My socks are always wet because I sweat a lot at the gym. My feet don't stink at all but she likes my socks...I don't like her playing with dirty socks but I've tried to give her clean socks and she won't play with them. I can say now she is a dirty lover cat. lol...


----------



## nicole78

lol That's hilarious. Easy cat to please.


----------



## BotanyBlack

Possibly the same reason that Jack sleeps with his head stuffed in my OHs shoes....:wink


----------



## Lineth

*jajjajjajajja*



BotanyBlack said:


> Possibly the same reason that Jack sleeps with his head stuffed in my OHs shoes....:wink


I guess cats like the bad life when it comes to odors :wink:wink:catmilk


----------



## Lineth

*I know huh..*



nicole78 said:


> lol That's hilarious. Easy cat to please.


Yes, she is. I buy her toys a lot of toys, but she prefers shoe laces instead very cheap cat...lol


----------



## jusjim

One word. Salt. OK! Two. Salty sweat.

Zenobi loved to lick the back of my hands if I'd been sweating.
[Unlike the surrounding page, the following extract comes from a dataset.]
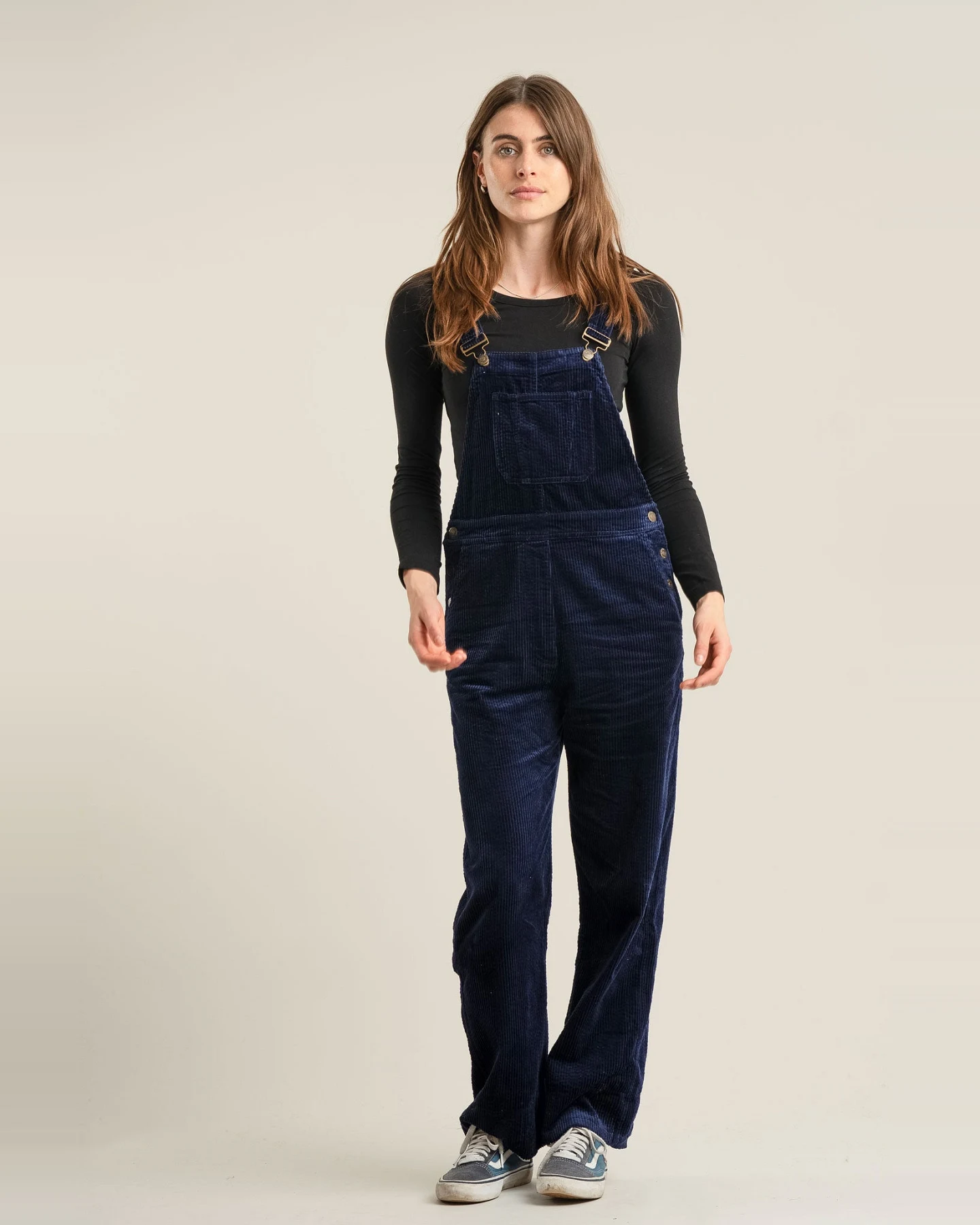 KOMODO Damen vegan Latzhose Leni Cord Marine – Ansicht 2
Missy's not quite the same, but she does get interested in sweaty hands.


----------



## Penny135

At least she doesnt grab your underwear out of the laundry to play with like my ceasar did. lol


----------



## catloverami

Alkee goes nuts over any guests' shoes....you'd think they walked around in catnip. Zuba sniffs at them, but doesn't get the buzz like she does. She doesn't do it to my shoes or my hubbies, just people who visit. Go figure....


----------